Syria is a cornerstone of Iranian foreign policy. The main goal of Iranian policy toward Syria is to preserve its interests and to counter the Gulf States’, United States’ and Israel’s influence in the region. Although Iran prefers to keep Asaad in power, Iran’s bottom line is to have an Alawite regime in Syria.  This will complicate a negotiating process as it is high unlikely that the rebels will agree to an Alawite-dominated government. Thus, holding all things constant, a negotiated settlement is almost impossible.
According to a testimony by Tony Badran, a fellow at the Foundation for the Defense of Democracies, Iran will spare no expenses to preserve the Assad regime. The Iranians have backed this up in the ways described earlier. Our adversary in the region has shown more resolve than the American government. What kind of message does this send to other countries?
Meanwhile, Russia has also played an active role in propping up the Syrian regime. It has made it clear at the UN Security Council that any call for Assad to step down is a red line for Russia. Russia has invested $4 billion in arms sales and another $20 billion in infrastructure and energy investments in Syria. However, financial investments are not the main concern for the Russians. Geopolitical concerns are what motivates Russia’s stance on Syria. The rebellion in Syria may serve as an inspiration for disaffected minorities in Russia. Russia is sending a message to these groups that it will deal with them in a similar fashion if they dare to rebel. Another stake Russia holds in Syria is the deep water port of Tartus. It is the only military facility outside of Russia for its armed forces and serves as an important port-of-call for the ships of the Black Sea Fleet. The strongest consideration for the Russian government is keeping Syria as a counterweight to American influence in the region. This has been the hallmark of its foreign policy under Putin and Medvedev. The Syrian Civil War has evolved into a proxy war in which both Iran and Russia are testing the limits in which the United States will defend its interests in the region.

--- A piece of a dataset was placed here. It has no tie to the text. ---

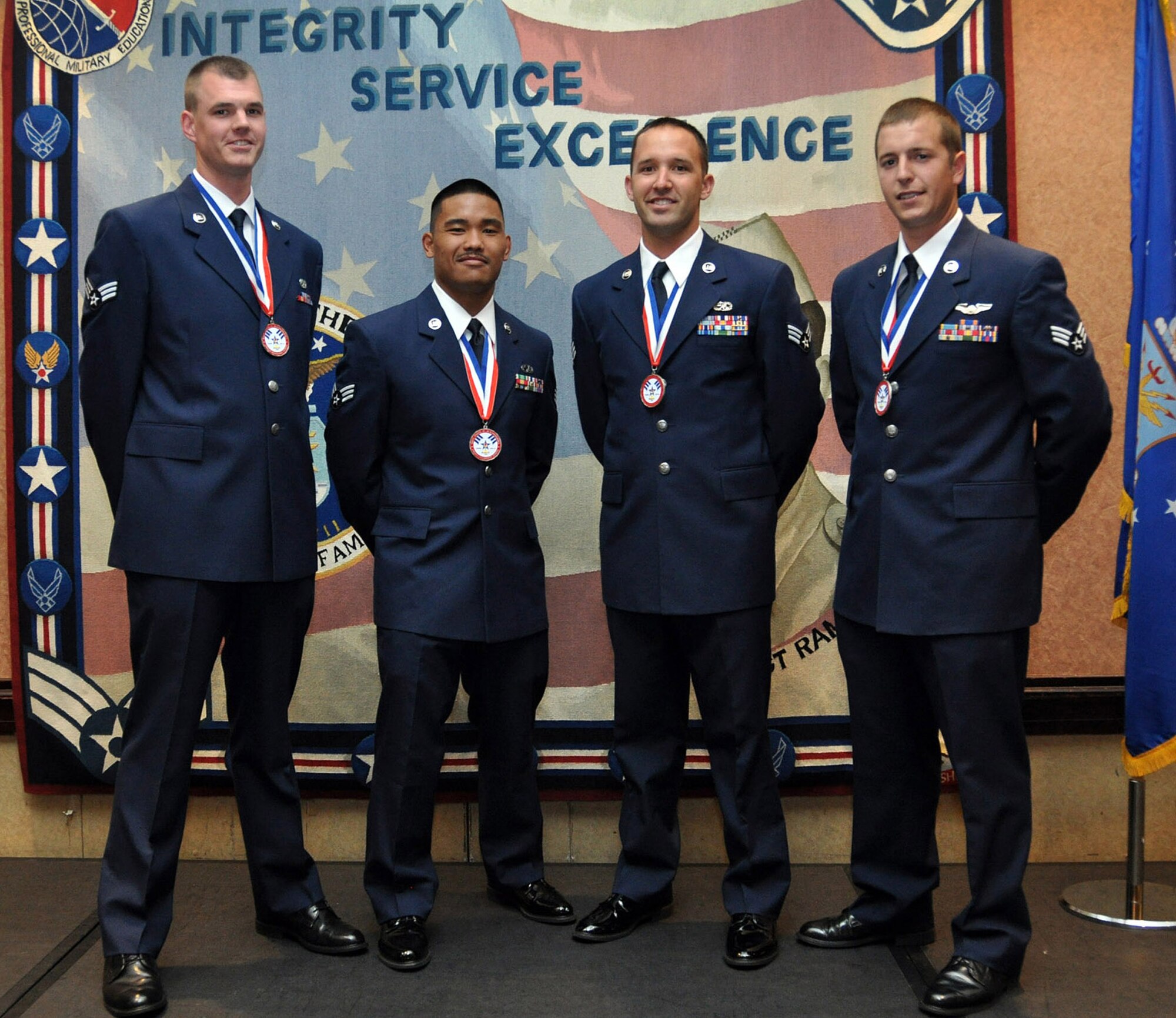 TRAVIS AIR FORCE BASE, Calif. -- Four Airmen from the 349th Air Mobility Wing graduated from the Airman Leadership School June 28, 2012, here. Pictured, from the left: Senior Airmen Daniel Butler, 749th Aircraft Maintenance Squadron, Glenn Acuna, 45th Aerial Port Squadron, Kyle Meyerdick, 945th AMXS and Shane Nichols, 312th Airlift Squadron. (U.S. Air Force photo/Tech. Sgt. Rachel Martinez)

For Syria, there is only one viable option right now, which is going all in short of putting boots on the ground. The weak measures undertaken by the Obama administration should be discontinued and be replaced with measures designed to make an immediate and decisive impact. Inaction will result in a stalemate in which thousands will continue to die while the Assad regime slowly retakes lost territory. Meanwhile, Iran, Russia and other regional rivals of the United States will see their positions entrenched. Such an end result is not in the interests of the United States and requires strong action to prevent. Any American action must make it clear that the United States will do whatever is necessary to look after the interests of the United States and of its allies in the region. Taking a more aggressive policy toward Syria is both the right thing to do and the smart thing to do.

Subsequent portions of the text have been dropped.